= Beginning of Section =

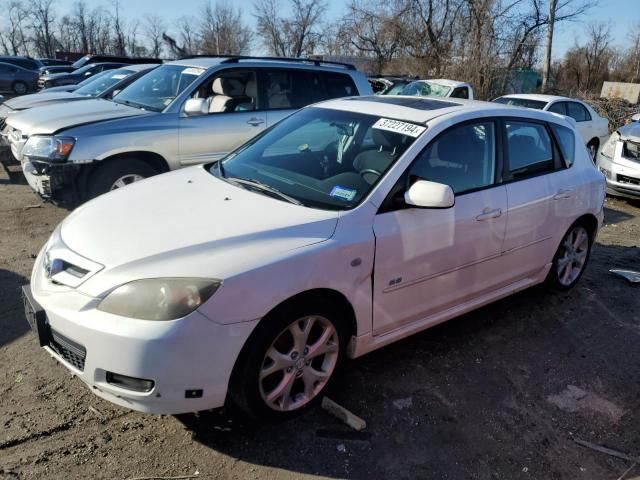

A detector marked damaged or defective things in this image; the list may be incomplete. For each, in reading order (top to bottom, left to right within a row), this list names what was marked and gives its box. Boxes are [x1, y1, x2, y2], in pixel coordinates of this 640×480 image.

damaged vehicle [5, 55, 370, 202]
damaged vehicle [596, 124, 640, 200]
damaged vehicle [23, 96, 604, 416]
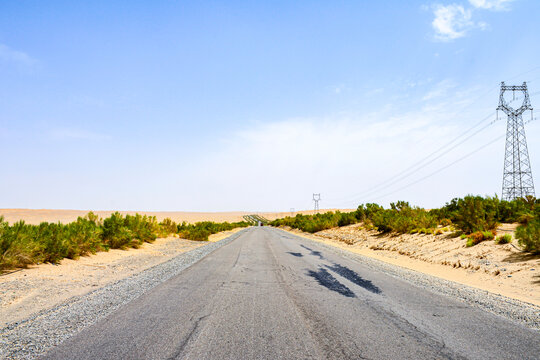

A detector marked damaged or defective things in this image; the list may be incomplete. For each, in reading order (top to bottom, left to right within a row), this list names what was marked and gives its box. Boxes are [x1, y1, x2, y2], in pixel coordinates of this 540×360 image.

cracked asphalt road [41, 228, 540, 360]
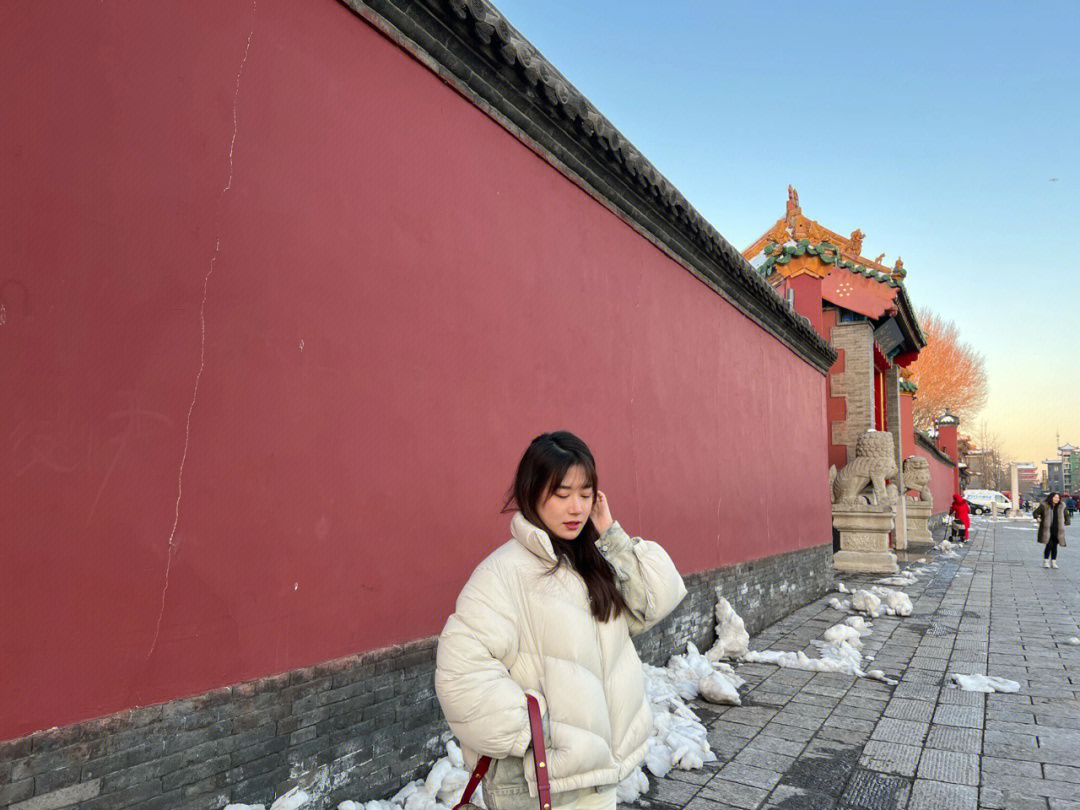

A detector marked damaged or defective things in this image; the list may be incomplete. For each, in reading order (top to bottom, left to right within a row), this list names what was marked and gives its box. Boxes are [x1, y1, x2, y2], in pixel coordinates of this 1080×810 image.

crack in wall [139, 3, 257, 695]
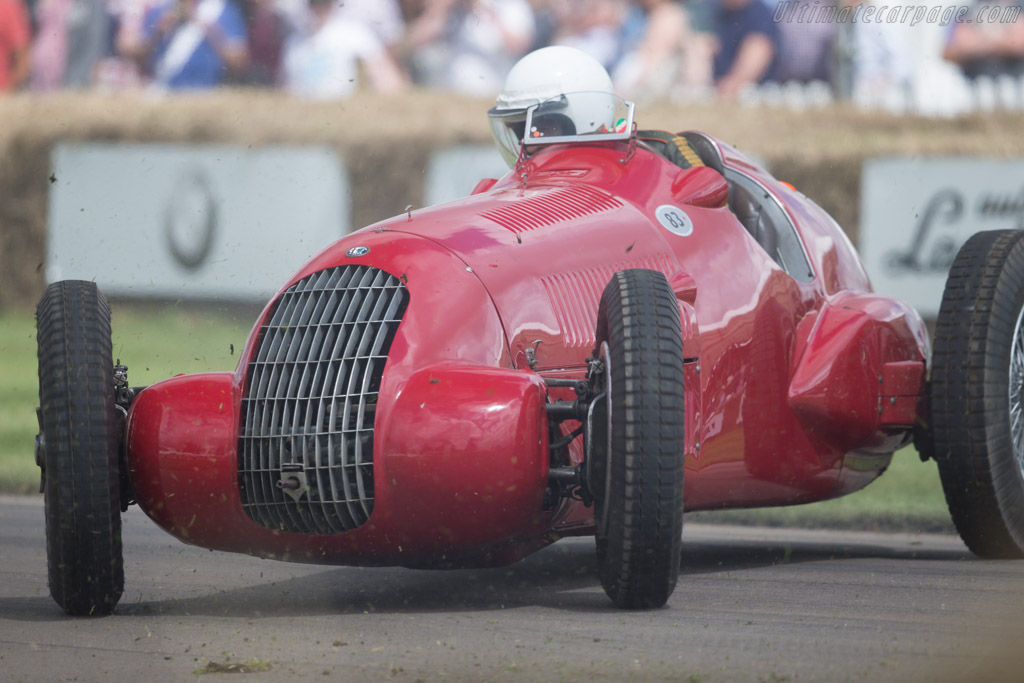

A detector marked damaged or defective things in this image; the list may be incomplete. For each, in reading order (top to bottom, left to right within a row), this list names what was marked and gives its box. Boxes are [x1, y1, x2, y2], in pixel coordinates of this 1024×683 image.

= End of Section =

* WHAT THE EXERCISE ASKS:
Would you output the data above exactly as written, but with no images?

* EXPECTED OUTPUT:
A detector marked damaged or defective things in this image; the list may be incomplete. For each, in reading order (top to bottom, left to right within a row), this list names what was marked and gives its box. Boxes are [x1, y1, x2, y2], in pixel coordinates of this 640×480 image.

damaged vehicle [5, 55, 370, 202]
damaged vehicle [596, 124, 640, 200]
damaged vehicle [23, 96, 604, 416]

A detector marked damaged or defective things in this image; the list may be incomplete. For each, in reading order (top to bottom, left to right within a row), this list names what was marked and gives its box. Boxes are [x1, y1, x2, y2], in pixel coordinates of this 540×360 image.

cracked asphalt road [41, 228, 540, 360]

A detector marked damaged or defective things in this image; the list may be incomplete. For each, in reading order (top to bottom, left to right within a row), this list names what was marked and gives its box. Boxes are [x1, y1, x2, y2], in pixel coordinates of this 1080×810 image.

crack in wall [139, 3, 257, 695]

A detector marked damaged or defective things in this image; the list may be incomplete. For each, in reading order (top to bottom, left to right within a row), this list names what was marked and gives its box. Boxes are [x1, y1, x2, y2], in pixel coordinates of this 1024×683 image.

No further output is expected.